ASSIGNMENT → When you copy the listing, reproduce each line as it appears and omit every image.

RECORDS SHOWN Start Marker

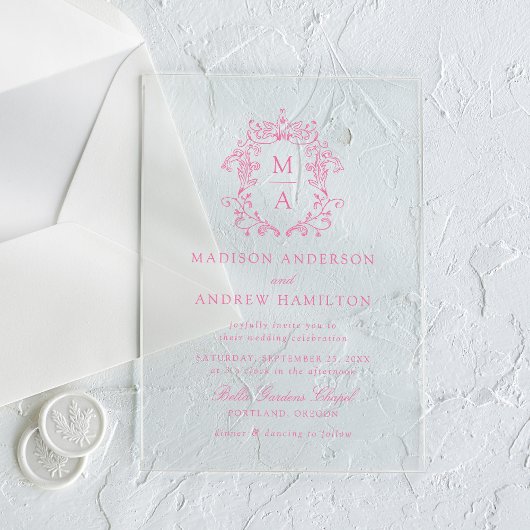 Elegante Rosa Chinoiserie Viktorianische Blumenhoc Acryleinladungen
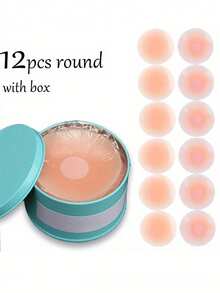 12pcs Silicone Nipple Cover Reusable Women Breast Petals Lift Invisible Bras Pasties Bra Padding Sticker Patch Adhesive Pads - Multicolor - View 8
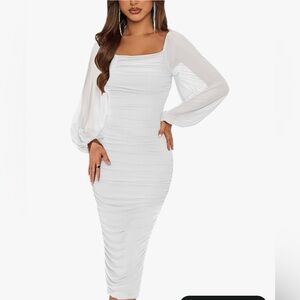 Chic Long Sleeve White Dress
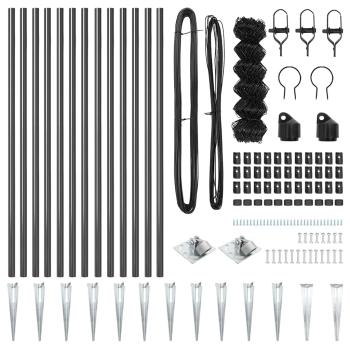 Kettenzaun Set aus 2 Grau Pulverbeschichteter Stahl 25 x 0.8 m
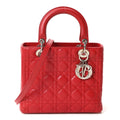 Christian Dior Lambskin Cannage Medium Lady Dior Red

RECORDS SHOWN End Marker

RESPONSE AREA →
 Elegante Rosa Chinoiserie Viktorianische Blumenhoc Acryleinladungen
 12pcs Silicone Nipple Cover Reusable Women Breast Petals Lift Invisible Bras Pasties Bra Padding Sticker Patch Adhesive Pads - Multicolor - View 8
 Chic Long Sleeve White Dress
 Kettenzaun Set aus 2 Grau Pulverbeschichteter Stahl 25 x 0.8 m
 Christian Dior Lambskin Cannage Medium Lady Dior Red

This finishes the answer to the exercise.